In short, Giraldi’s article compared the opinion of a Jew on a matter of national security that affects the United States as well as Israel to “rat poison.” And Ms. Plame, who detests neo-conservatives for allegedly leaking her identity as a CIA operative to the press, sought fit to retweet a link to this hate-filled trope to her followers. When faced with criticism for her action, Ms. Plame at first blamed her critics for overreacting. “First of all, calm down,” she tweeted. She was not necessarily endorsing Giraldi’s article by re-tweeting it, she wrote, before going on to describe the article as “very provocative, but thoughtful.”
“Many neocon hawks ARE Jewish,” Plame declared. She counseled her Twitter followers to “read the entire article and try, just for a moment, to put aside your biases and think clearly.”
When Valerie Plame realized that she was digging a deep hole for herself, she backtracked and shamelessly claimed that she had only “skimmed this piece, zeroed in on the neocon criticism, and shared it without seeing and considering the rest.” Considering the title of the article, “America’s Jews Are Driving America’s Wars,” and the article’s juxtaposition of its references to neo-conservatives and American Jews in an unfavorable light, Plame’s explanation is disingenuous on its face.
Finally, Ms. Plame came out with a fatuous apology for what she called a “doozy” of a mistake. However, far from being a mistake for which she felt sincerely sorry, Ms. Plame’s initial re-tweet of Giraldi’s anti-Semitic article was deliberate and represented her true beliefs. As Alan Dershowitz observed on “Fox and Friends,” “The interesting thing about Twitter, you do it so quickly, it often reflects your real, genuine beliefs. Then you realize what you’ve said and you say, ‘Uh oh. I’m sorry’…”

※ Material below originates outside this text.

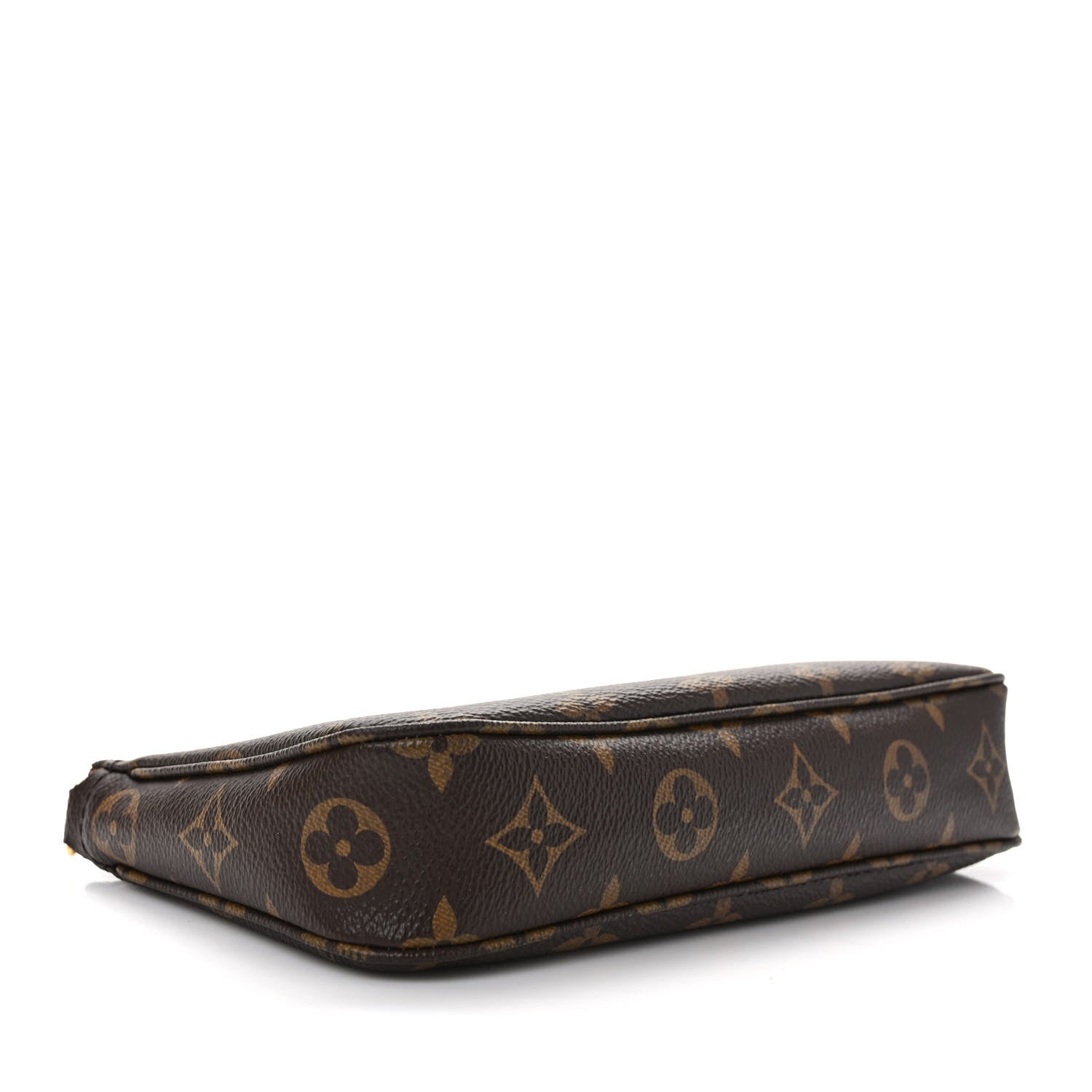 Louis Vuitton Monogram Pochette Accessories NM 4 of 7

Ms. Plame has a pattern of re-tweeting Giraldi’s anti-Semitic articles. For example, she re-tweeted and commented favorably on another Giraldi article entitled “Why I Still Dislike Israel.” In that article, written in December 2014, Giraldi claimed there were “good historic reasons to dislike Israel.” Note that he did not limit his “dislike” to specific Israeli government policies. He wrote that he disliked the Jewish state itself, which he called “a racist apartheid style state.” Ms. Plame retweeted this article with the comment, “Well put, Mr. Giraldi.” She also re-tweeted yet another Giraldi article, this one full of conspiracy theories purporting to link Israel to the 9⁄11 terrorist attacks on America’s homeland.

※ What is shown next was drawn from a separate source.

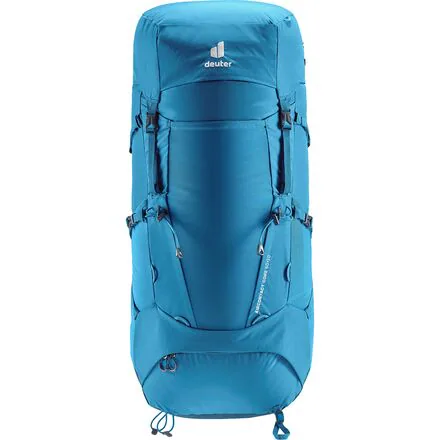 Aircontact Core 50+10L Backpack
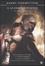 Cover of Il guerriero di Roma. Fuoco a Oriente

Valerie Plame has plenty of company on the Left when it comes to harboring an anti-Israel bias that calls into question the patriotism of American Jews who support Israel. Leftists deride those whom they refer to as “Israel Firsters,” a slur that originated from far Right anti-Semitic sources and has since been popularized on the Left by such progressive outlets as Media Matters. Not surprisingly, some of these haters on the Left who throw around the term “Israeli Firsters” to impugn the patriotism of Jewish supporters of Israel are themselves anything but patriotic. Repeatedly condemning President Trump’s embrace of the principle of “America First,” they hate America as much as they hate Israel.